Гадкие лебеди кордебалета - Кэти Мари Бьюкенен
Шрифт:
Интервал:
Закладка:
—Новая стоит пятнадцать франков,— говорит чья-то мать.— Придется тебе ее постирать, пока мы новую не купим.
Я аккуратно скатываю кушак и тут вижу черную юбку мадам Доминик. Я поднимаю глаза и пытаюсь не кусать губы.
—Зайди ко мне перед уходом,— говорит она.
Я хочу дождаться, пока уйдут все остальные, особенно Бланш. Не хочу, чтобы они видели, как меня будут ругать. Я долго обматываю тапочки лентами, складываю пачку. С мадам Доминик лучше быть скромной, так что я стараюсь не думать о гадком поведении Бланш. Но я, как разносчик, чей короб слишком полон, не могу перестать мечтать.

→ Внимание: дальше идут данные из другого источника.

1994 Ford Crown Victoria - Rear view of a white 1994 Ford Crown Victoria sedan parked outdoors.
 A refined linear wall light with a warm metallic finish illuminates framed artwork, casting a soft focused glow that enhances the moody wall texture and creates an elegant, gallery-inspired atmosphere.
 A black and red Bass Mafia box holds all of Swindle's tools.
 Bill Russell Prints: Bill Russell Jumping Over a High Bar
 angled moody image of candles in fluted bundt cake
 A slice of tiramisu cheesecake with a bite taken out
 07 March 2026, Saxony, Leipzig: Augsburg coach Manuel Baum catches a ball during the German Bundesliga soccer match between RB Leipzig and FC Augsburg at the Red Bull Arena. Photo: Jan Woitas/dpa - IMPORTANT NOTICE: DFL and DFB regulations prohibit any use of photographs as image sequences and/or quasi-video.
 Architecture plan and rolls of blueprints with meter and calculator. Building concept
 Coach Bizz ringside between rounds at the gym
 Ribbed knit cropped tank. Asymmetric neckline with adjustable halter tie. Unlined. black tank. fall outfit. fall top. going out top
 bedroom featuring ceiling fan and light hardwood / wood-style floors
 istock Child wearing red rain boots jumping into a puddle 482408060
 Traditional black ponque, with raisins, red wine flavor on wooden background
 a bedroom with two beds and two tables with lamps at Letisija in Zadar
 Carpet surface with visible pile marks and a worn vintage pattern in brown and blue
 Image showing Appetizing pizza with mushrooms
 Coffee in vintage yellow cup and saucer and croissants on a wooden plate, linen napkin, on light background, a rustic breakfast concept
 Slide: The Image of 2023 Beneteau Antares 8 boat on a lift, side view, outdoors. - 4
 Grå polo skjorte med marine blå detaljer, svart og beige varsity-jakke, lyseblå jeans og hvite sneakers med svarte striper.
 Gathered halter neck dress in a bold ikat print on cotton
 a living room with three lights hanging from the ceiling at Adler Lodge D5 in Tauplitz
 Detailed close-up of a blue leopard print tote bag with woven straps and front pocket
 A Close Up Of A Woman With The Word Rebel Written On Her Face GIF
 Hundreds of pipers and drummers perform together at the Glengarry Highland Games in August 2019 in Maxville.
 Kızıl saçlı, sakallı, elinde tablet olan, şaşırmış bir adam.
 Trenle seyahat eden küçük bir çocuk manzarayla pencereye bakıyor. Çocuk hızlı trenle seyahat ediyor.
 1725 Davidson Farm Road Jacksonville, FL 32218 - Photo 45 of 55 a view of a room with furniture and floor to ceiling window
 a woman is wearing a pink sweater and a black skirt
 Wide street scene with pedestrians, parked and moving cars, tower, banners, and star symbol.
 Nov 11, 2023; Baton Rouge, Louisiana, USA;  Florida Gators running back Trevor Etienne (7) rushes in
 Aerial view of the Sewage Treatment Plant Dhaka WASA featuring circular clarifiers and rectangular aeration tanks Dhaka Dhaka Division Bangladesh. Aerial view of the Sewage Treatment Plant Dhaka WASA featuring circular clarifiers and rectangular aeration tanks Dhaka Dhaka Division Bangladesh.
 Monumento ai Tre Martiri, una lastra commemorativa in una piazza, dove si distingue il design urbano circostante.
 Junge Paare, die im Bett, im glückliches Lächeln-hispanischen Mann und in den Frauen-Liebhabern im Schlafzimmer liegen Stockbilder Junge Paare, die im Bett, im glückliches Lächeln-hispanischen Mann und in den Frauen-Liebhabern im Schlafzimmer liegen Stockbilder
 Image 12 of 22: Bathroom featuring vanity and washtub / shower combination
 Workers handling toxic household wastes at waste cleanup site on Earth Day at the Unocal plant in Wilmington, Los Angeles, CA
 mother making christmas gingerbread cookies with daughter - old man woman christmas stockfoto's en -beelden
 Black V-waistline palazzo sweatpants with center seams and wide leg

Я буду работать еще больше и однажды встану у станка и буду демонстрировать экзерсисы, а Бланш придется смотреть. Но на самом деле у меня почти нет шансов. Она всегда первая в классе, она не тратит время, чтобы лелеять усталые ноги и ждать, пока пройдет спина. Она собирается танцевать на сцене Оперы. Она ждет, что к ее ногам полетят розы, а на руках появятся браслеты. Однажды я сказала, что больше всего на свете хочу сдать экзамен и перейти в кордебалет, а она заявила, что для нее кордебалет — только начало. Я кивнула, зная, что она права. У нее нет отца и никогда не было, только брат, который много лет назад уехал в Сен-Мало и стал моряком. Ее мать вечерами ходит от борделя к борделю и делает их обитательницам прически. Потом она до самой ночи моет посуду в «Ле Мерис». По утрам она плачет и говорит Бланш, что не проживет еще неделю, что Опера — их единственная надежда. Она бережет деньги и не тратит их на абсент. Это дает Бланш, которая и так начала на два года раньше, дополнительное преимущество: ей не приходится каждое утро вымешивать тесто для восьмидесяти багетов.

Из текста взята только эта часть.